Train hitchhiking can also be very dangerous. Many times you have to either jump on or off while the train is moving. There was another occasion when we were in Tucson, Arizona and we were trying to catch a train into the yard so we wouldn’t have to walk the mile or so. We had learned from experience the train slowed down quite a bit at a certain location when it was still a ways from the yard. As we were running alongside the train trying to get on, I was so focused on getting on that I didn’t see a sign in front of me. I ended up crashing very hard into the sign and falling very near the passing train. It could have been a lot more disastrous than what it was. As it was I just ended up with a very sore knee.

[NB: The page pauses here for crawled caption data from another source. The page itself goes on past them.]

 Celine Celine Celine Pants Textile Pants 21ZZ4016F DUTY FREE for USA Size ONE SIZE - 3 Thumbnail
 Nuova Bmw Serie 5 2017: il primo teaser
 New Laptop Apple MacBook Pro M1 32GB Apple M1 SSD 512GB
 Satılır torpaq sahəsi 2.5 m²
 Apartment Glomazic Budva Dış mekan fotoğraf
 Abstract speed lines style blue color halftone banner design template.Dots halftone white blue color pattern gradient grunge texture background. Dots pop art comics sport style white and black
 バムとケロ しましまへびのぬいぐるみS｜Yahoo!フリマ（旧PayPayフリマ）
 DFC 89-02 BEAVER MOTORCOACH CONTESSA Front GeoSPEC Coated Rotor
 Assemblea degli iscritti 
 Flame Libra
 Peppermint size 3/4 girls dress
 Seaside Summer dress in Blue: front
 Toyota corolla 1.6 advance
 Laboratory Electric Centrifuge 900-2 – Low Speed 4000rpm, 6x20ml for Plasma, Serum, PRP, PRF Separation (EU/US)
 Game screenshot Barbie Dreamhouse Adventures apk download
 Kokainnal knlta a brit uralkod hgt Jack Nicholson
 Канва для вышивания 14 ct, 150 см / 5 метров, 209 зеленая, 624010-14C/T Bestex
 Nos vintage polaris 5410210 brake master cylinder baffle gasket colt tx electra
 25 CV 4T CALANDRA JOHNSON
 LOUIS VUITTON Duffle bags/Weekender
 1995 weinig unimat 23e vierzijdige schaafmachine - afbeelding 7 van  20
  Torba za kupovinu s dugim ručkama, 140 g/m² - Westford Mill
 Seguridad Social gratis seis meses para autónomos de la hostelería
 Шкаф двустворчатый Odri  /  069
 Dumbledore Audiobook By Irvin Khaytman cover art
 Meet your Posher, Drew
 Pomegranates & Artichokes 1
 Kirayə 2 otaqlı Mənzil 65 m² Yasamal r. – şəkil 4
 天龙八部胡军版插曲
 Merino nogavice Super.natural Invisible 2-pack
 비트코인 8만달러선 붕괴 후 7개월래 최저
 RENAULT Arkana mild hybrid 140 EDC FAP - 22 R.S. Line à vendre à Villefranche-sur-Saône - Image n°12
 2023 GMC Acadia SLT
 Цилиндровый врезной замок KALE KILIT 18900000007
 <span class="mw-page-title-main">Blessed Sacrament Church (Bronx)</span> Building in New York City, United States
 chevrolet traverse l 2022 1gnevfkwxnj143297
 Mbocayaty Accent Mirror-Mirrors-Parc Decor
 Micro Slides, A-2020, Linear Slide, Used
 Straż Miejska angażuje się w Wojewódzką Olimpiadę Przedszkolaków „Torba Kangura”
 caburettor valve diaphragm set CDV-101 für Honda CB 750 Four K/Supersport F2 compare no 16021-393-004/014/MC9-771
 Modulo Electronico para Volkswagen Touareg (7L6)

Another danger is that sometimes you can end up with unwanted company. Earlier on the trip mentioned above we had caught a train in El Paso, Texas and were headed towards our L.A. destination when we experienced some unwanted company. Most trains have to stop several times along the way to allow trains coming from the other direction to pass. During one of our stops we had a couple of Mexicans, who must have just slipped across the border illegally. We had no idea, at first, who they were or if they were dangerous or not. It’s a chance you take every time you hop a train. Fortunately, they were not a threat to us, but it did cause some uncomfortable moments at first.

When riding the rails, you come to depend on the workers in the yard to let you know what train is going where. Sometimes workers will deliberately point you in the wrong direction. It’s not always that simple to figure out which direction a train is going as they could leave the yard going north or south and then head either east or west or vise-versa. After our trip to the Rock Festival near Austin mentioned earlier, we then went back to Houston to continue our trip to New Orleans. When leaving the yard in Houston, the workers deliberately pointed us in the wrong direction. It wasn’t long until we discovered we were going west instead of east. We had to wait until the train stopped to allow another one pass before we could get off. Then we had to wait for several hours before another one came by and actually was the one designated to stop. We eventually made it to New Orleans and had a great time.